Go Texan Day

I am what they call a naturalized Texan.  I’ve been here my whole adult life so I sometimes forget that I haven’t always been a Texan.  I started out a Southern Belle.  Texas is NOT part of the South.  It is it’s own universe.  Memphis was and is as slow as molasses.  People talk and talk and talk and talk.  There is no such thing as a short meeting.  You have to have at least 10 or 15 minutes of small talk before you jump into your business.  I didn’t know that until I started handling my father’s estate.  I spent three months in Memphis while Dad died and then afterwards to take care of things.  It reminded me how Texas is not the South. How hard edged I have become.  How worldly and cynical.  


But it wasn’t always that way.  I showed up in Austin in 1980 having run out of options in Memphis.  This is the God’s honest truth;  I filled out the University of Texas Graduate School of Business application because it was a one page bubble thing.  No essay.  I just found out that my friend Jackie did the same thing.  I really wasn’t all that committed.  But I got accepted and I rented a U Haul and off I went.

And what can I say?  It was the most fun, fantastic, redemptive time of my life.  I loved almost everything about it, except the content of the classes  ….boring…..

But I did well, made good grades and better friends.  And I got a job.  

If Texas is a universe unto itself, Austin is it’s own planet. At that time Austin was a small town with no jobs.  Had that not been the case, none of us would have left.  It was heaven.  Most of my Texas friends were from Dallas.  I had only heard horror stories about Houston. Unsophisticated, bad traffic and hot and humid.  Mostly just hot and humid. But Houston was where the jobs were and they paid up for the inconvenience of having to live there.

My very first foray into Houston was to interview at Texas Commerce Bank in February, 1982.  I hopped on a Southwest Airlines flight for the 45 minute ride from Austin to Houston. This was during the hot pants and free drink era of the “love” airline.  

For starters, exactly which cluster of skyscrapers is downtown?  I’d never seen such a thing.  Memphis has only one downtown and it is snuggled up against the river. Everywhere you look, there are downtowns in Houston. 

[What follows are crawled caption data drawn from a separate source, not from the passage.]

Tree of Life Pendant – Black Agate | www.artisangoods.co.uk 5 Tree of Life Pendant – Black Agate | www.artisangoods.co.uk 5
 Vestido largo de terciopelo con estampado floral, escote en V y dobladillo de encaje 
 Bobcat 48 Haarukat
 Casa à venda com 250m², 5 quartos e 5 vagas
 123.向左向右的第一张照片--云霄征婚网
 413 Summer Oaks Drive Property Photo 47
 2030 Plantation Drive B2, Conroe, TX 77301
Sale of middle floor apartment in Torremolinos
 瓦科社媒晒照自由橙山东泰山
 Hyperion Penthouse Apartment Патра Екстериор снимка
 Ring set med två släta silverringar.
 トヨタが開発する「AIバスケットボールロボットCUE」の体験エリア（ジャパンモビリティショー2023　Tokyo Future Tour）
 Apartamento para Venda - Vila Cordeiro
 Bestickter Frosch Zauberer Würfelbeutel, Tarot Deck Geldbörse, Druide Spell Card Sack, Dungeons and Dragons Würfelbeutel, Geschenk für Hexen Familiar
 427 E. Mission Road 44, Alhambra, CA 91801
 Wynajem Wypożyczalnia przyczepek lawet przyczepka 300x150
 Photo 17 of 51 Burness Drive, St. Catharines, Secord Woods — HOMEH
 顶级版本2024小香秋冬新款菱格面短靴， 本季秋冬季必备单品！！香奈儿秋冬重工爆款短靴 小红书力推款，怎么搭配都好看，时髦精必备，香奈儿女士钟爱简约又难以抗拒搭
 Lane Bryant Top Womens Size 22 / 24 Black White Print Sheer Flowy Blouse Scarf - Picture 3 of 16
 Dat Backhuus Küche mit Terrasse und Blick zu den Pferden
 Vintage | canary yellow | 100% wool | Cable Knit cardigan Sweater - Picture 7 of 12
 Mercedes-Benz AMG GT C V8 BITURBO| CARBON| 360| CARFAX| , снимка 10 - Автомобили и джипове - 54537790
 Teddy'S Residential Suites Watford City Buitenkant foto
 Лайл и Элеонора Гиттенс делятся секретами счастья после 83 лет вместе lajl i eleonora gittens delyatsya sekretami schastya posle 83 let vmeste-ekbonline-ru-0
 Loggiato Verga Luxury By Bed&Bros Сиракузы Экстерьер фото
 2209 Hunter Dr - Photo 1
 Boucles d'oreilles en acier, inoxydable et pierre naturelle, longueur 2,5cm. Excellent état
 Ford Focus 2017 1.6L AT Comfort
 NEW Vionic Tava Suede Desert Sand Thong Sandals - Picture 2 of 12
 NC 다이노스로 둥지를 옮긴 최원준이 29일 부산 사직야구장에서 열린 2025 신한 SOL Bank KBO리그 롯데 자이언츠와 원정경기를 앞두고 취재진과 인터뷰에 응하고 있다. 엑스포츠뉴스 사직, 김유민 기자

But despite the abundance of tall buildings, the city was surprisingly cowtown.  I took a taxi from Hobby airport to the right downtown, got out of the car and guffawed at the Jock Ewings parading up and down the street.  Everywhere I looked there were  bankers and lawyers wearing cowboy boots under their Brooks Brothers suits, some donning hats. Women, mostly the secretary kind, were also sporting their western wear. OK, note to self – adjust wardrobe. But the people seemed alive, there was a certain bounce in their step, a festive mood to the work day.  I think it was some time after lunch that I commented to my host that the cowboy culture of Houston was a little surprising to this Memphis via Austin gal.  It was then that he told me that it was the opening day of the Rodeo.  I had landed in Houston smack dab in the middle of “Go Texan Day.”